Addressing the consistency issue, I understand that reality and realism are two separate things. I guess what I was getting at with my last comments are some of the hackneyed criticisms of narrative one often hears or reads. IMHO, authors/writers play to the expectations of audience with respect to what motivates people, what their reactions are, or should be. That's one of the reasons why a number of writers I've known write out the biographies (and sometimes, psych bios) of their characters.

The problem, as I see it, is the possibility of expression diluted into stereotype (especially in a novel where you have more room to roam--screenplays have to come in on a dime, so a great deal of complexity is usually not possible). As I said earlier, if the writer can explain the mercurial nature of one of his characters at some point, I'm willing to hold off judgment for the time being.

As with language, there seems to be an ebb and flow in literature. Mark Twain, for example, gives us huge insights into his characters by their dialog, which in large part incorporated the reality of the author's existence. The cadence, the shades of pronunciation, etc. are there for the reader to see. I haven't read that many 19th century novels to make a comparison, but I don't think his reliance on the reality of dialect was a norm.

Sure, neither you or I want to read a novel where character speech disfluency becomes disruptive. Who wants to read "" as people sometimes do over and over. But if used sparingly, and if funny, poignant or critical to elements of plot or character, then that's really the call of the writer and publisher whether or not the unnecessary word becomes necessary.

I think we would be a poorer readership if everyone approached writing the same way. I don't believe you're advocating a cookie-cutter mechanism for writing in this particular post or previous ones. In fact I don't really disagree with any of this. I made the statements I did in the previous post because I simply hadn't read the book you referred to. I thus had no context to gauge the character's strange behavior.

ivan said...


Funny thing.

A friend and publicist of mine, Jeff Mitchell, lately of the Newmarket ERA, said exactly the same thing when someone knocked my play version of The Fire in Bradford.

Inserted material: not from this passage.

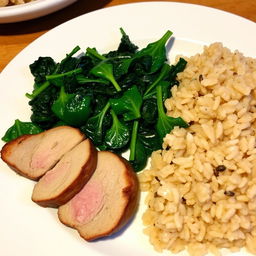 A beautifully presented dish featuring cooked meat slices arranged artfully on a plate, accompanied by fresh green spinach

Yep. The long, the short and the tall.

Donnetta said...

Oh, I do so love John Lennon. Ever since I was 13 years old. This sounds like my kind of book.

Better go say hi to Lana.


Ello - Ellen Oh said...

Charles, I hope you don't mind if I impose on you and ask you to help me promote a guest I have coming to my blog this WEdnesday. Details are on my blog but the short of it is as follows: Dr. Gigi Durham, the author of the Lolita Effect, the media sexualization of young girls and what we can do about it, is guest appearing on my blog this coming WEdnesday to answer questions on this very important topic. It would be wonderful if you could help spread the word or at the very least stop by and be part of our Q&A discussions.
I think you will appreciate this discussion and I hope to see you there.

Thanks so much!

Michelle's Spell said...

The book sounds like a lot of fun! I'll have to check it out. I agree about the difficulties of keeping a tone/mood throughout the whole work. I usually have to revise most of my stories at least eight or nine times to make them work.

Charles Gramlich said...

Sarai, as an addict myself I don't want anyone else to get the monkey off their back.

Barrie, thanks.

Shauna, definitely a fun read.

X-Dell, I'd probably advocate if anything the opposite of a cookie cutter approach. I think there is room for all kinds of approaches, although the key to the successful ones seems to be that they feed the reader what the reader is looking for.

Ivan, smart friend.

Donnetta, I have a good friend who has been into Lennon for a very long time. Just for music, I was generally more into the Rolling stones than the beatles, but I definitely like some of their stuff, like "come together."

Ello, will do.

Michelle, different parts of a manuscript get differing numbers of revisions, although everything gets revised multiple times.